I chose a cryptocurrency magnate in Capital Justice because Wyoming laws have in fact recently changed to facilitate that sort of business locating here and it could well result in a culture clash.
Give me an idea of your writing day. Do you write every day? By number of words or scene?
I am still employed full-time, so my writing is done in short spurts, for the most part. Generally, I write from 6 to 7:30 a.m., then turn to my day job. I write again at lunch if I am not overly busy at work. I usually pick one day a weekend and spend most of that writing. Where I really make money is on federal holidays, because my wife usually works those, and since I work for the government I do not. I can write all day long on Presidents’ Day, for example.
The biggest issue I have is finding a plot twist or character situation to develop a book around. Once I have that, I’ll get to outlining or plotting.
Do you plot before writing, during the process, or as a second draft?
I am a careful plotter and an extensive outliner. It serves three purposes for me.
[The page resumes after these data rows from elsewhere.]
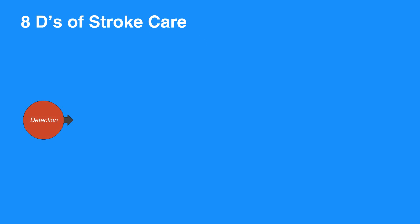Let's review the 8 Ds of stroke care. First is detection, which is rapid recognition of stroke symptoms. Next is dispatch, which is the early activation and dispatch of EMS by 911. Delivery refers to rapid EMS identification, management, and transport. Door refers to transport to stroke center.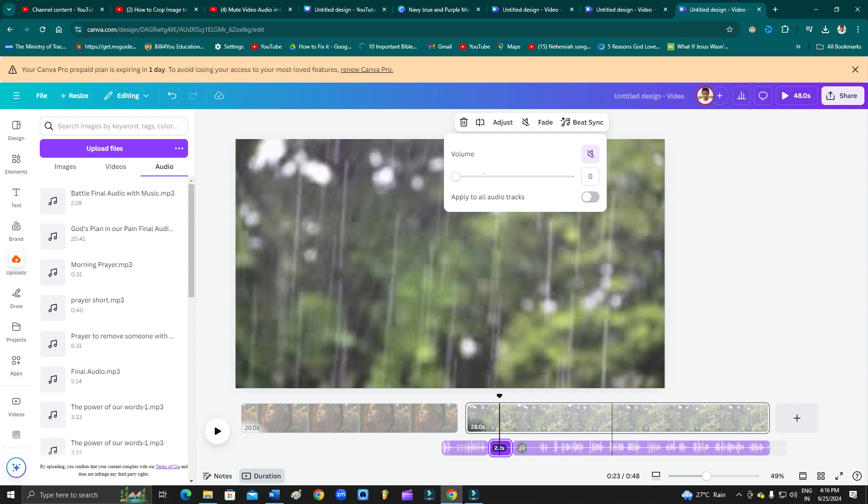If you are using the background music here and you just want to keep the volume on a certain level, then you can select and you can apply to all the other audio. This is how you can do it.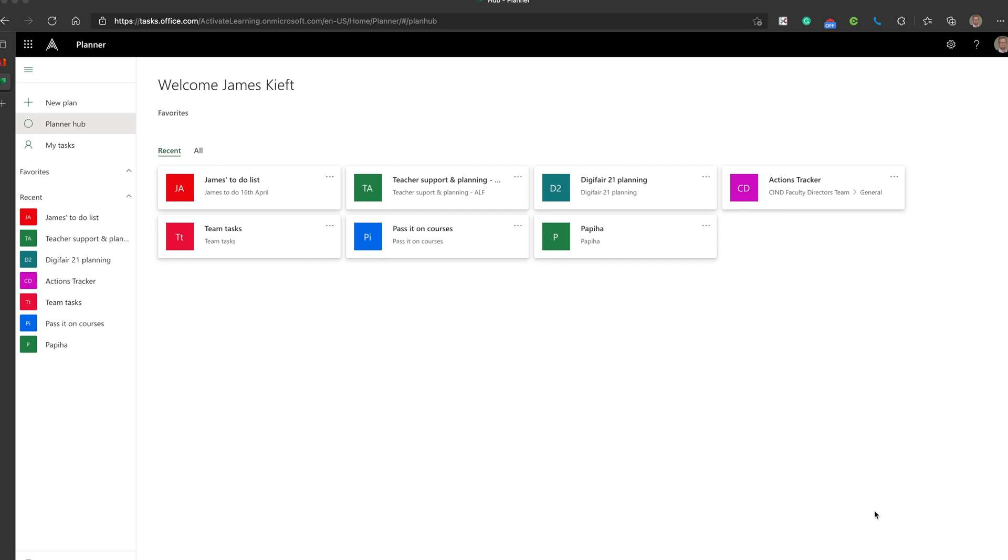Hello, welcome to this video. Today we're looking at Microsoft Planner. Microsoft Planner is a to-do list. It's available for both Android and iOS.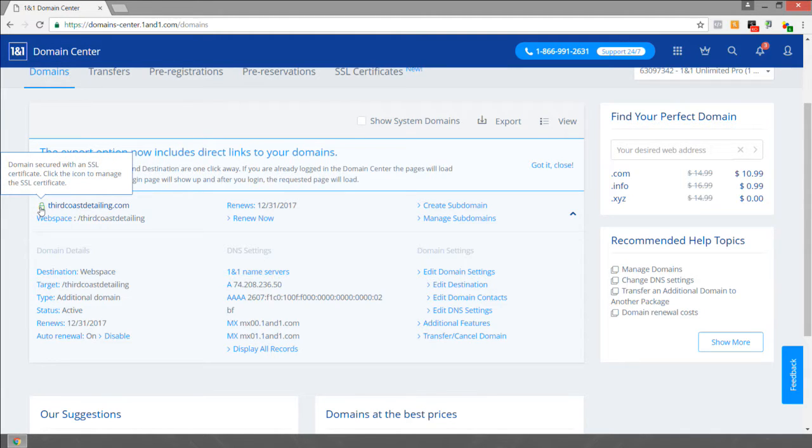so you should see a green lock icon next to your domain name, which means your SSL certificate has been set up.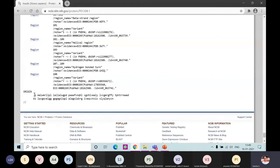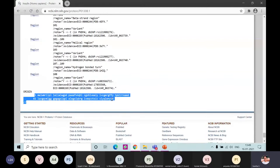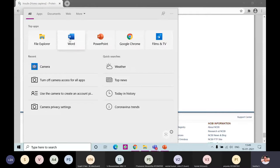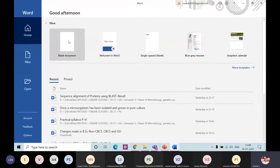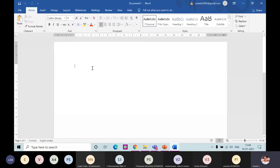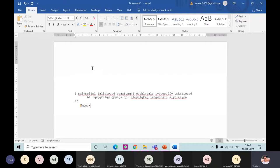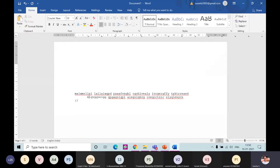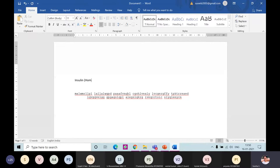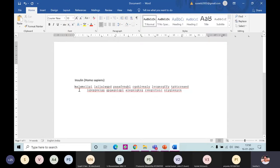Once you locate the amino acid sequence, copy it using Ctrl+C. Then open a Word document and paste it there. When you paste it, you'll notice there is a number alongside the sequence - that number must be removed before you use the sequence for searching or alignment, as extra characters will interfere with the process. Label the sequence as 'Insulin (Homo sapiens).' We have now finished retrieving the amino acid sequence of insulin from Homo sapiens.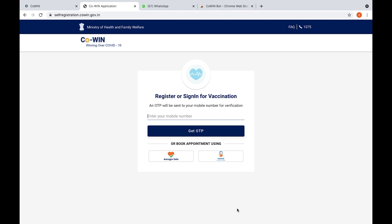Hello, today I'm going to show you how we can register ourselves in CoWin app for vaccinations. To be frank, yesterday I tried, day before yesterday I tried, I couldn't get vaccination slots, but today I got three slots for me.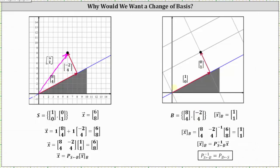Using this coordinate system, the vector from the origin to the black point would be the sum of these two vectors, giving coordinates (1, 1). These are the coordinates for this vector relative to base B. Now let's relate the two coordinate systems. To go from the vector (1, 1) relative to base B to the vector (6, 8) relative to the standard basis vectors, we multiply 1 times the first basis vector (8, 4) plus 1 times the second basis vector (negative 2, 4), which gives coordinates (6, 8) relative to the standard basis vectors.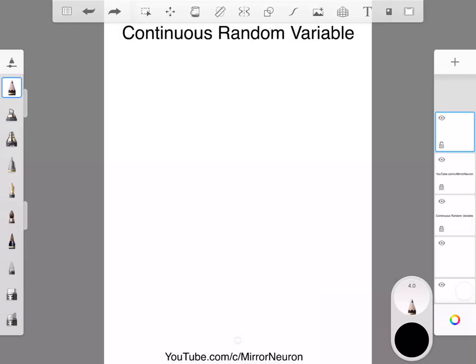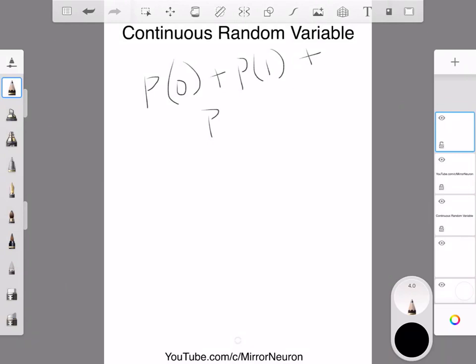Hello friends, let us continue with the discussion about continuous random variables. In the case of the discrete random variable, what we saw in our example of flipping 2 coins was that the probability of getting 0 heads plus probability of getting 1 head plus probability of getting 2 heads — the sum total should be equal to 1.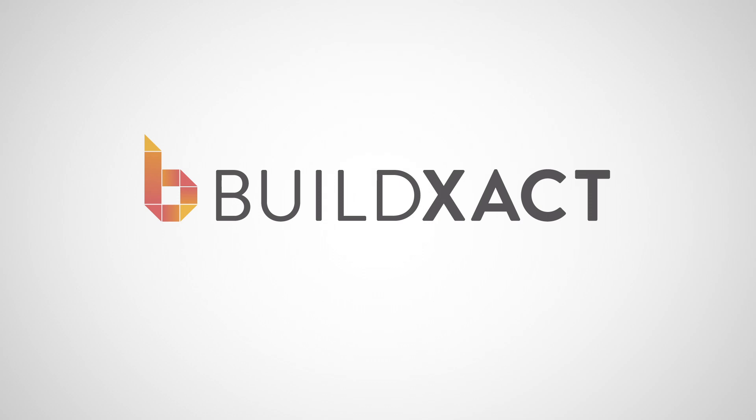To see BuildExact in action, head to buildexact.com.au to book your personalized demo.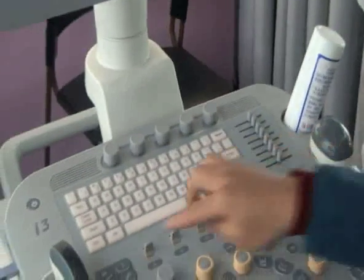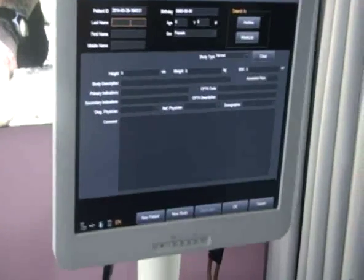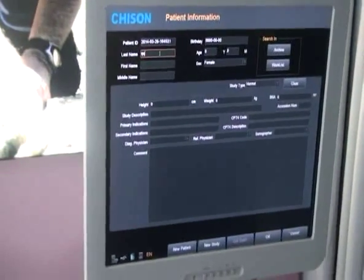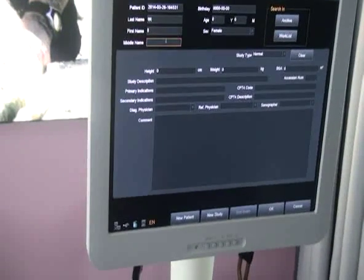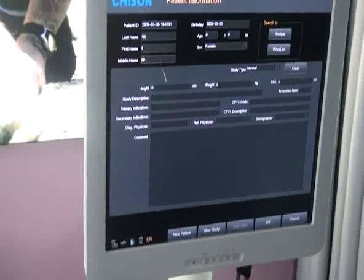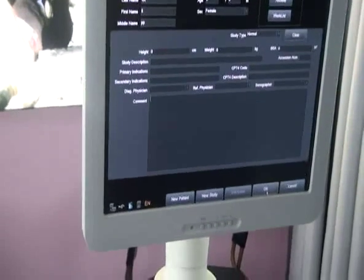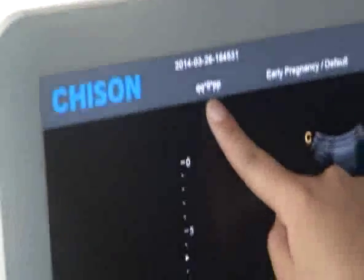First, press the patient key to create a new patient record. Input the information as we want: last name, first name, mode name. Move the trackball and press the Enter key to create a new patient. Here, you can see the patient information.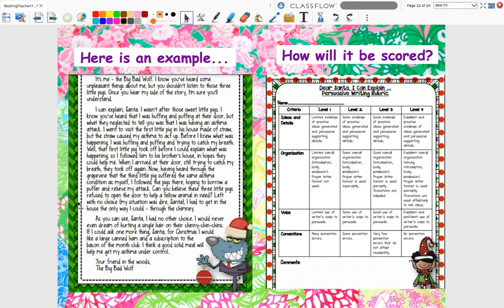Now for paragraph three — what is the present or Christmas wish you're asking for? 'As you can see, Santa, I had no choice. I would never even dream of hurting a single hair on their chinny chin chins. If I could ask for one thing for Christmas, I would like a large canned ham and a subscription to the Bacon of the Month Club. I think a good solid meal will help me get my asthma under control. Your friend in the woods, the Big Bad Wolf.' And make sure you have a closing — sincerely — and then the name of the villain you've chosen.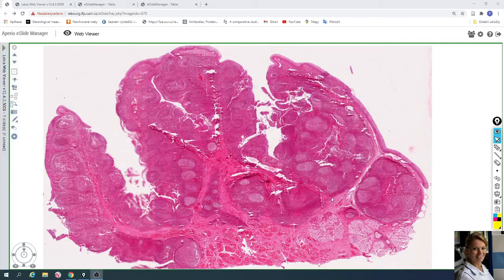In this video you will take a look at the palatine tonsil. This slide is stained by hematoxylin and eosin.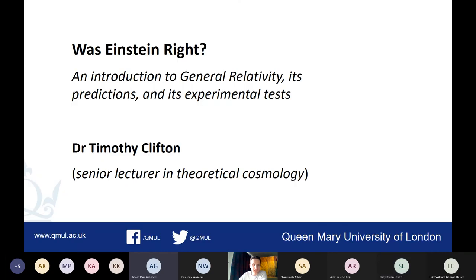So let me start off just with the title slide. I've called the talk 'Was Einstein Right?' This is supposed to be a provocative title for the talk. I'm not going to come to a definitive answer; rather I'm going to try and talk you through what it involved knowing whether Einstein was right or wrong. And then as good scientists you can make your own judgment at the end.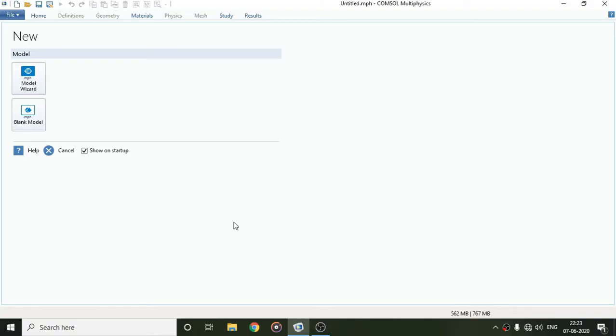Hi everyone, today we'll learn how to do laminar flow analysis in COMSOL Multiphysics. When you open COMSOL, you will get an interface like this. Here you have two options: Model Wizard and Blank Model. For this time, we'll select Model Wizard.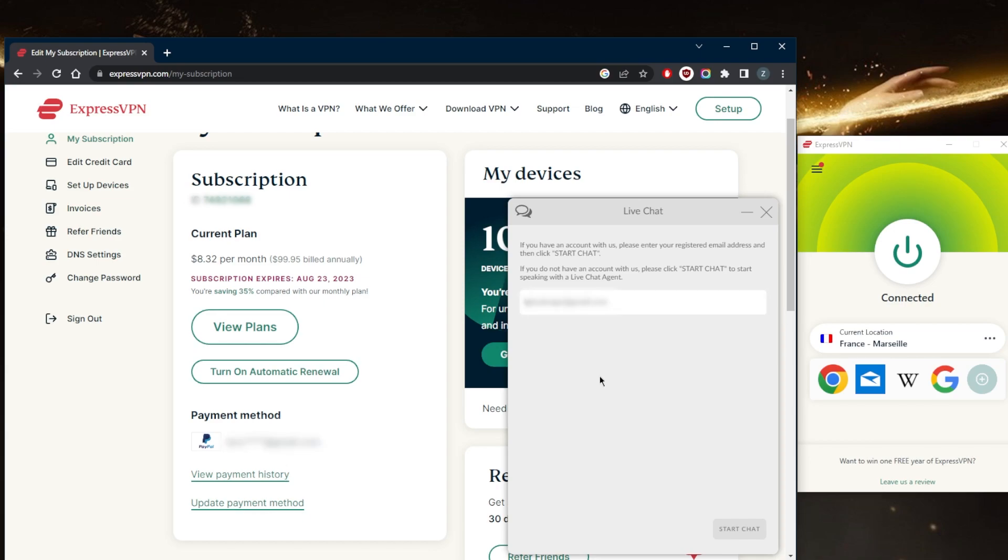That is the only requirement to be eligible for the full refund and you will receive it within three to five business days. They might ask you a question or two, just answer and you are good to go.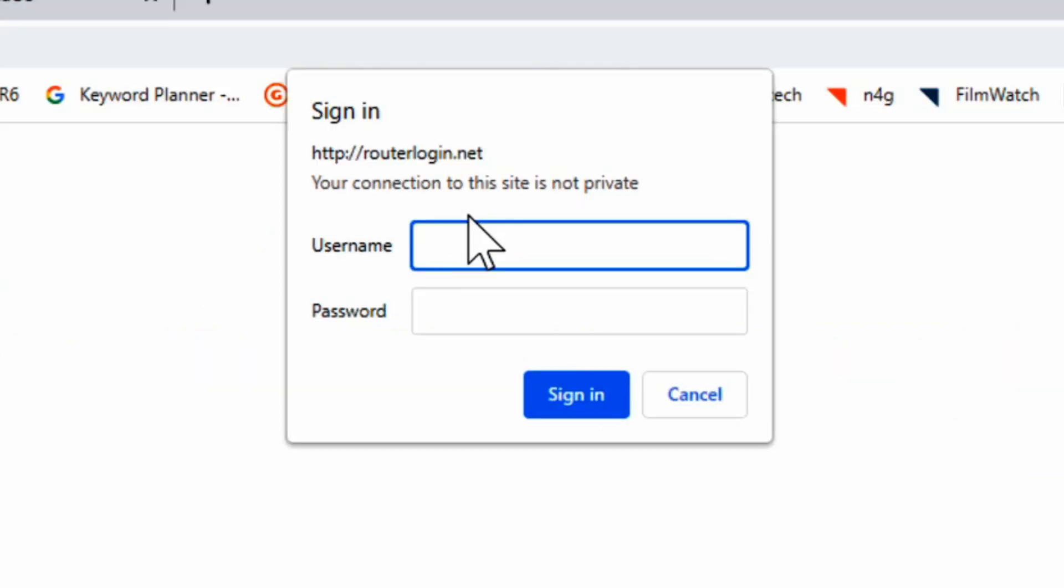Now the default name is admin and then the default password is password. So if you never signed in before, go ahead and try signing in with that. Username admin, password password.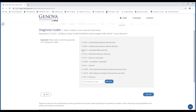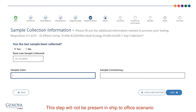The diagnosis codes page lets the clinician select the appropriate ICD-10 code for the specific test and patient. We have pre-populated codes based on historic usage, but also allow clinicians to enter codes at the bottom of the list. On the sample collection information screen, you can notate if the last sample has been collected. If you select yes, you will be asked to provide the collection date and specifics about the sample. If you'd like to add another requisition for the patient, click Save and Add Another, or proceed to the patient information step by clicking Save.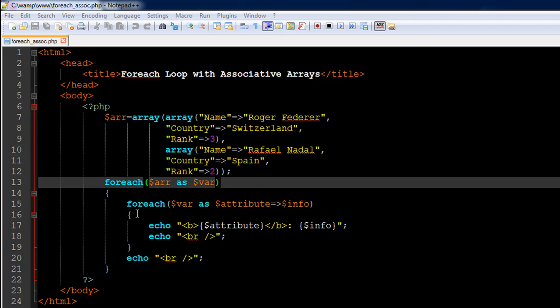Since we have two associative arrays within the array variable ARR, we'll have to use a foreach loop twice — this is called nesting of loops. Just as you can nest if statements within if statements, you can also nest loops within loops. This applies not just to foreach but also to the for loop and the while loop. The first foreach statement on line number 13 takes dollar ARR as the first value, then the keyword as, then the placeholder variable dollar var.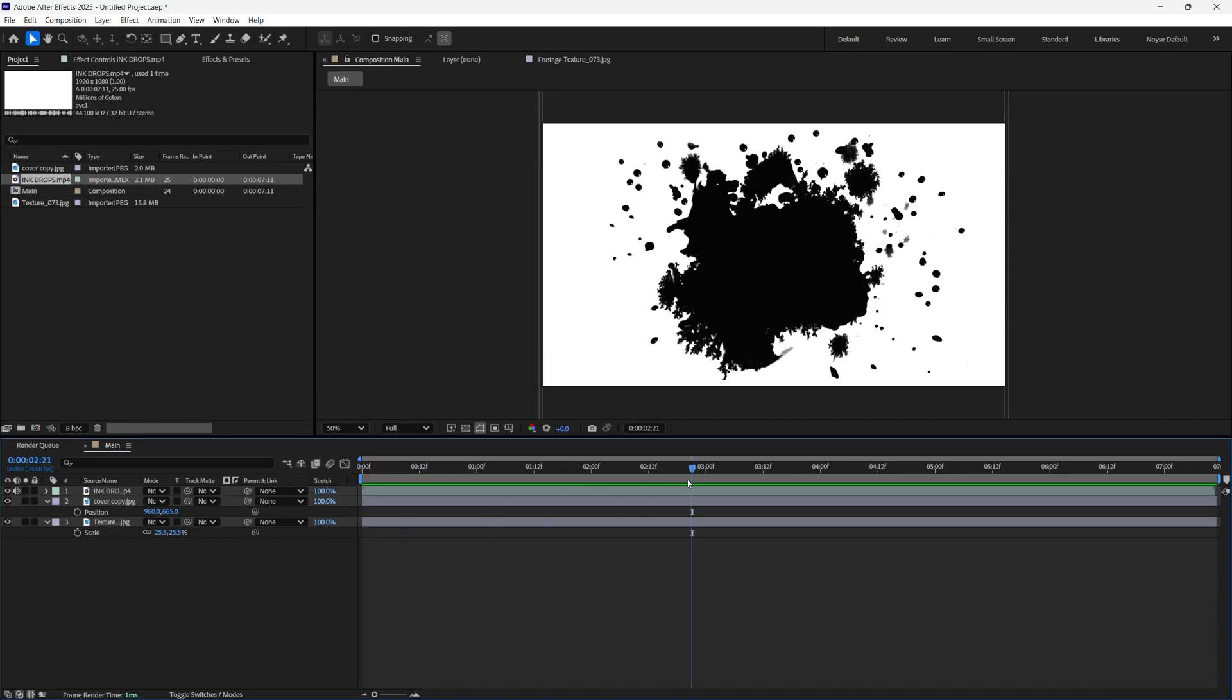Now for the ink drop, I'm going to disable the audio for now. For the ink drop I'm going to invert it. So I want the drop to be white and everything else to be black.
One, I never get “writer’s block”, because I’ve always got something to write. Two, it allows me to write as I feel, so for example, if I am feeling melancholy, I can write a scene needing that; alternatively, if I have a bounce in my step, I can write a scene needing a more uplifted voice. Three, I do sometimes vary or make changes to my story. By having an outline to refer to, I can shift from a known point and get back to my original storyline.
A great many authors find marketing very time consuming. Even those traditionally published. How do you market your books? And is the latest Crypto news event helping sales?
I am extremely fortunate in that my publisher handles most of the marketing. I am not social media fluent, so they handle Facebook. I prepare a monthly newsletter that I’m proud to say goes out to thousands. I personally respond to every email I get from readers. I appear live or remotely at dozens of book club meetings a year, and I do every podcast and television appearance I’m asked to do. In addition, I appear for free and donate 100% of proceeds for any library benefit, give away books for charity fund-raisers, and I have appeared at number of writer’s groups. I just kind of show up like a bad cold, I guess.
What advice would you give a new author trying to break into the thriller market?
I think the best advice I could give would be this: 1) Write what you know. It is easy for someone to tell whether the author knows what she is talking about. 2) Write your book. When I was reading articles and books about how to write a book, there were a lot of opinions out there. And there are all kinds of web sites saying, “we’re looking for X.” In my opinion, I think you need to understand your genre, and write a book that is consistent in style and format with that genre, using your characters and your story. This does two things: One, it enhances the realism of your work, and two, you’ll be better able to deal with the rejection and criticism we all deal with. 3) Write your book to tell a story, not to push an agenda or to push a particular viewpoint. At least weekly I receive an email from a reader that commends me for viewpoint neutrality. Remember: For every reader that approves of your book because of your view on an issue, there is a reader who will stop reading. Why cut your audience in half?
Super enjoyed your work and look forward to more. In fact, what is coming out new and when?
Thank you. You are very kind. My next book, The Truthful Witness, will launch July 4th.